Among classical scholars in America as elsewhere two types are distinguishable; the one indulging its aesthetic appreciation, historical and archaeological associations, and a philosophical discursiveness about the ancients, and the reconstitution of antiquity as a whole—Boeckh's ideal of Altertumswissenschaft; the other inclining towards minute grammatical, textual, and metrical investigations—the ideals rather of Hermann and Curtius. Two scholars of the first type are Cornelius Conway Felton and Theodore Dwight Woolsey.

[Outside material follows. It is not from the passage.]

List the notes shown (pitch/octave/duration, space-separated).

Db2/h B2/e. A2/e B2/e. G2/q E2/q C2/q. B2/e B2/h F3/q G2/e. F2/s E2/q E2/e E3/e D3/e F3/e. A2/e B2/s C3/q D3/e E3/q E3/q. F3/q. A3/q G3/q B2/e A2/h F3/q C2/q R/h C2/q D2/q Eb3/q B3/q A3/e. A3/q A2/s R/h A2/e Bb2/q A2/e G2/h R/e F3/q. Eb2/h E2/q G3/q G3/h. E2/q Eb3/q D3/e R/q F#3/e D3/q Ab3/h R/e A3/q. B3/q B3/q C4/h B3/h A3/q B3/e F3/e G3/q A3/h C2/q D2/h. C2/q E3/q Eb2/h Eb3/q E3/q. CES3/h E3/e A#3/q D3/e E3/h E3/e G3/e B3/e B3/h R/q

Felton (1807-62), like Harrison, his exact contemporary, received all his training in this country. Seven years after his graduation from Harvard he became in 1834 Eliot Professor of Greek Literature, made his first journey abroad in 1853-54, spending several months in Greece, and became president of Harvard two years before his death. The close friend of Longfellow, Felton, was a genial soul, enthusiastic for antiquity, who rather deprecated minute grammatical study and overmuch concern with choric metres and textual readings and emendations. These things he thought dried up the springs of human feeling in the student. He favoured instead the appreciative study of ancient and modern literatures together, paralleling Aeschylus with Shakespeare and Milton, comparing Sophocles and Euripides with Alfieri, Schiller, and Goethe, and contrasting Greek with French drama. He published (1834) Wolf's text of the Iliad with Flaxman's illustrations and his own notes; and made college editions of The Clouds, The birds, and the Agamemnon, and of the Panegyricus of Isocrates. The fruits of his journey were his Selections from modern Greek writers (1856) and several series of Lowell Institute lectures, published posthumously as Greece, ancient and modern.